[forwarded from http://bugs.debian.org/254757]
mailbox.py _fromlinepattern regexp does not support positive GMT offsets. the pattern didn't change in 2.5.
bug submitter writes:
archivemail incorrectly splits up messages in my mbox-format mail
archvies.
I use Squirrelmail, which seems to create mbox lines that look like
this:
>From mangled@clarke.tinyplanet.ca Mon Jan 26 12:29:24 2004 -0400
The "-0400" appears to be throwing it off. If the first message of an
mbox file has such a line on it, archivemail flat out stops, saying the
file is not mbox.
If the later messages in an mbox file are in this style, they are not
counted, and archivemail thinks that the preceding message is just kind
of long, and the decision to archive or not is broken.
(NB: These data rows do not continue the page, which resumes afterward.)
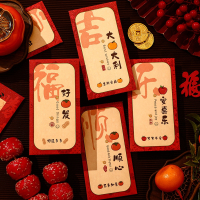 古达新年红包封面年新款千元龙年红包袋壳过年压岁春节利是封_B-2_百元红包12个装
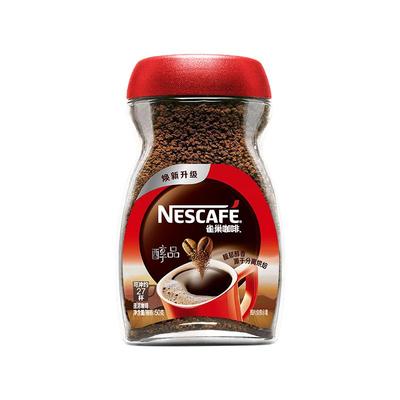 雀巢醇品速溶黑咖啡50g*2瓶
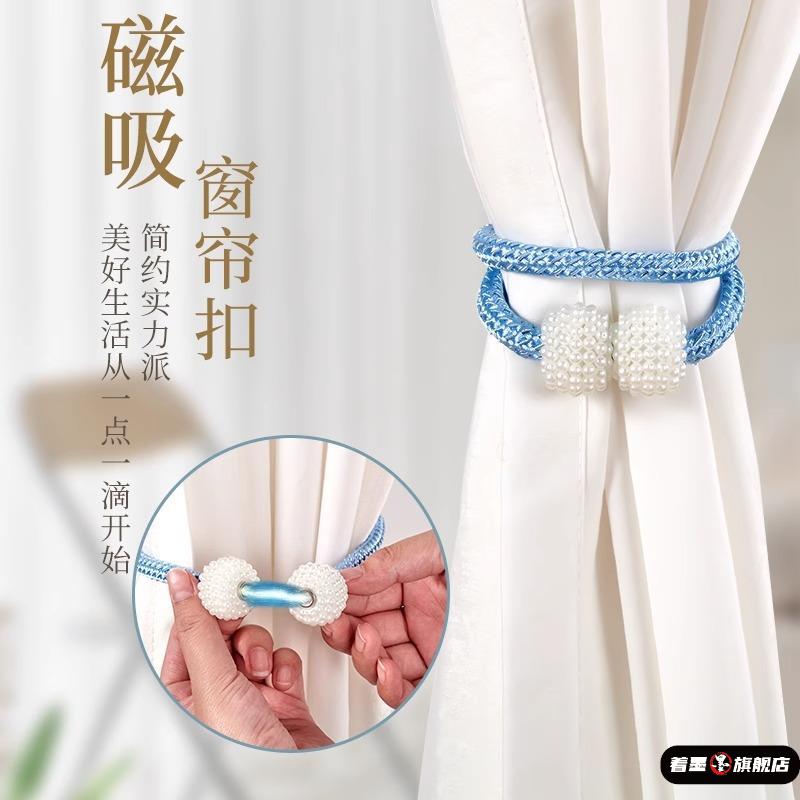 窗帘强力磁吸扣可爱卡细绳款珍珠儿童房环扣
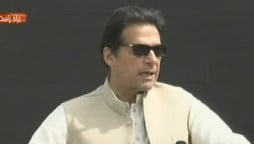 ‘Labour class was neglected during previous governments,’ PM Imran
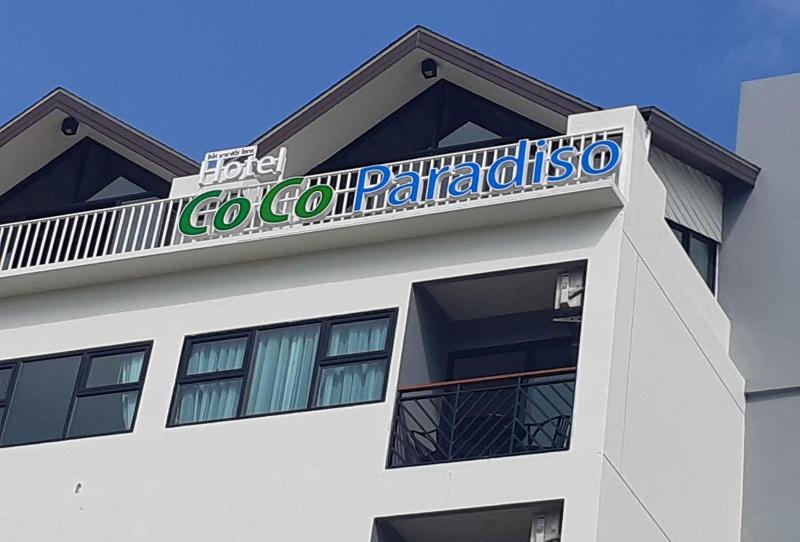 Coco Paradiso Phuket SHA+ image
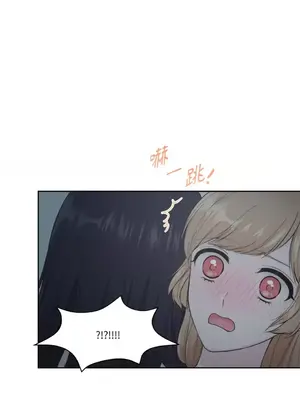 莉莉絲2 1-71話[完結]_003002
I have stumbled on this bug when I wanted to archive my mails on a
Sarge system. And since my TZ is positive, the regexp did not work. I
think the correct regexp for /usr/lib/python2.3/mailbox.py should be:
_fromlinepattern = r"From \s*[^\s]+\s+\w\w\w\s+\w\w\w\s+\d?\d\s+" \
r"\d?\d:\d\d(:\d\d)?(\s+[^\s]+)?\s+\d\d\d\d\s*((\+|-)\d\d\d\d)?\s*$"
This should handle positive and negative timezones in From lines. I
have tested it successfully with an email beginning with this line:
From fred@athena.olympe.fr Mon May 31 13:24:50 2004 +0200
as well as one withouth TZ reference.
|